Kebijakan pangan yang tidak tepat mengakibatkan 20 ribu ton beras Bulog mengalami penurunan mutu hingga harus dilelang untuk kebutuhan non-pangan.
Kebijakan Pangan
Rencana pemerintah melelang beras turun mutu dikritik sejumlah pihak. Mantan Menteri Pertanian di era SBY, Anton Apriyantono, mengatakan Indonesia belum pernah harus melelang beras karena mutunya turun.
"Belum pernah terjadi seperti ini. Dulu seimbang antara yang masuk dengan yang keluar," kata Anton.
Ia pun mengatakan ketidakseimbangan beras yang masuk dan keluar bukan disebabkan oleh kelebihan suplai dari impor karena stok minimal cadangan beras pemerintah (CBP) harus ditetapkan sebanyak dua juta ton. "Out-nya terlambat. Sekarang programnya seperti apa? Kenapa tidak disalurkan itu beras," ujar Anton, yang sekarang menjabat Ketua Dewan Kopi Nasional.
Sementara itu, pengamat pertanian Institut Pertanian Bogor Dwi Andreas Santosa mengatakan saat ini ada manajemen yang kurang memadai terkait arus masuk dan keluar beras di gudang Bulog.
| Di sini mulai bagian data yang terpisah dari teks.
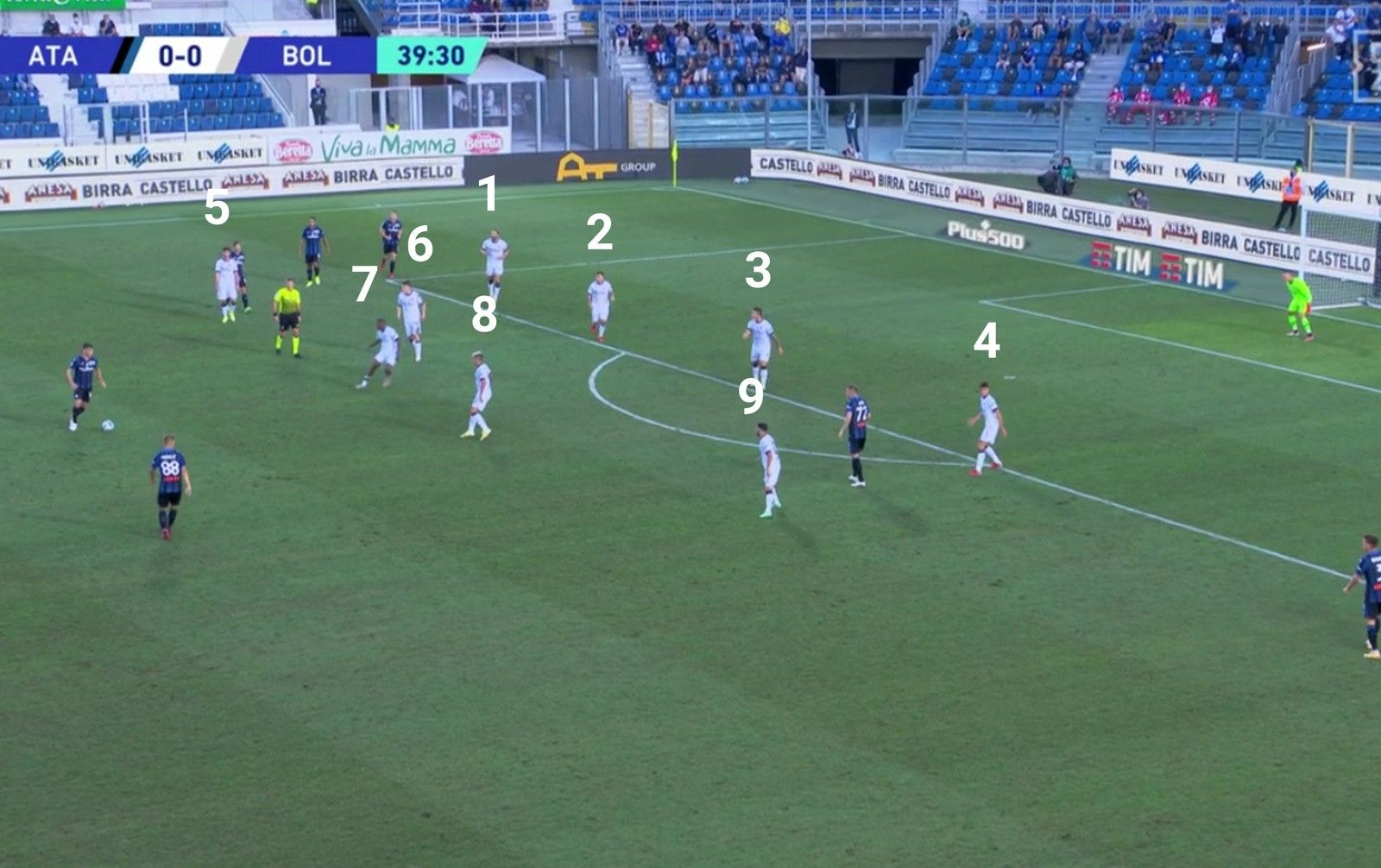 AtalantaBologna, la prima match analysis. Il gioco c’è fino al limite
Kondisi itu yang menyebabkan Bulog sempat berencana memusnahkan sebanyak 20 ribu ton beras karena terlalu lama mengendap di gudang yaitu lebih dari setahun.
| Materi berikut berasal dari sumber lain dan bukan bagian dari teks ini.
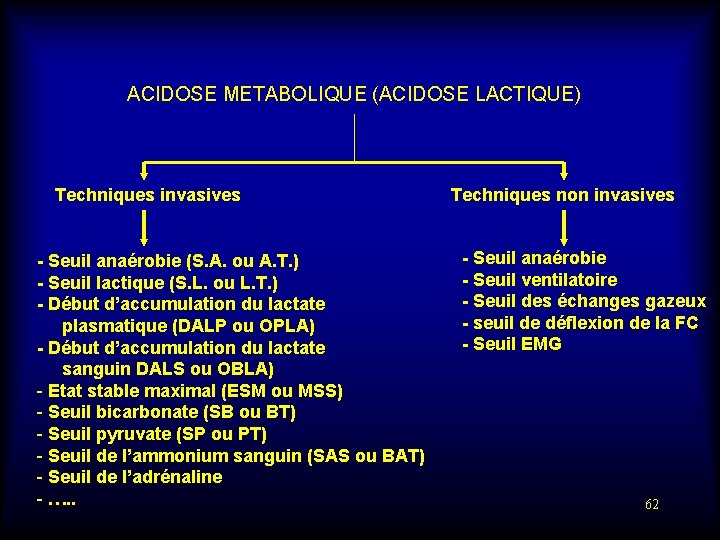 ACIDOSE METABOLIQUE (ACIDOSE LACTIQUE) Techniques invasives - Seuil anaérobie (S. A. ou A. T.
Ia menegaskan sangat wajar apabila terdapat komoditas pertanian yang mengalami penurunan mutu sehingga harus dilakukan pemusnahan karena setiap barang punya masa layak dengan jangka waktu tertentu.
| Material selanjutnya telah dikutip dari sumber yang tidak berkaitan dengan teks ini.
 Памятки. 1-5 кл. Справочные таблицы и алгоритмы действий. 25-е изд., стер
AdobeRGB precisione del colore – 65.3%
Namun, menurut Dwi, pembuangan barang tersebut tidak boleh berjumlah lebih dari satu persen dari total barang yang dijual perusahaan. Jumlah pembuangan yang besar, tambah dia, menandakan sistem manajemen tidak efektif dan efisien.
Selain itu, kualitas beras yang masuk ke gudang Bulog juga perlu diperhatikan karena beras yang akan mengalami pembuangan lebih banyak berasal dari serapan dalam negeri. "Pada Kementan sebelumnya, Bulog dipaksa beli gabah juga. Akhirnya dapat gabah dan beras yang kualitasnya tidak begitu bagus. Kalau kualitasnya tidak bagus, jangankan setahun, dua bulan sudah rusak," ujarnya.
Ekonom senior dan cendekiawan Emil Salim menilai ada yang dengan salah tata kelola kebijakan pangan pemerintah. "Ini kan berarti kebijakan pangan, produksi pangan, perdagangan pangan dan impor pangan tidak berada pada jalur yang benar," kata dia di Jakarta, Selasa (3/12).
Ia mempertanyakan hal yang menyebabkan stok-stok beras yang berada di Bulog itu menjadi busuk. Sebab hal itu menunjukkan adanya perkiraan untuk pengadaan stok beras yang keliru sehingga tidak terpakai.
"Pihak yang dirugikan atas hal ini tentu termasuk petani. Apalagi kalau ada impor, tentu nantinya akan memengaruhi harga dan itu merugikan petani," kata guru besar bidang ekonomi Universitas Indonesia itu.
Bahkan, ia mengatakan dirinya memerhatikan nilai tukar petani dan palawija dalam empat tahun terakhir yang menunjukkan nilai yang diterima petani lebih kecil dari yang dibayarkan termasuk biaya hidup. Sehingga dalam empat tahun terakhir, nilai tukar petani justru merugikan petani itu sendiri. Ini yang perlu diperbaiki ke depan.
Selain itu, dalam keadaan merugikan petani, harga beras Indonesia di luar negeri malah menunjukkan angka lebih mahal dibandingkan beras Vietnam. Sehingga hal itu cukup membingungkan.
"Nah kalau di sini petani rugi sedangkan beras dijual lebih mahal di luar negeri, lalu surplusnya ke mana? Ditambah lagi stok beras lantas juga dimusnahkan," ujar dia.
Keadaan tersebut seharusnya perlu dikaji lebih jauh. Karena ditakutkan terdapat hal-hal yang tidak beres termasuk kajian terkait penyebab stok beras sampai tidak layak dan mesti dimusnahkan. Termasuk pula kaitannya dengan ada tidaknya impor beras beserta harga yang ditetapkan atas beras Indonesia di dalam dan di luar negeri juga perlu dikaji.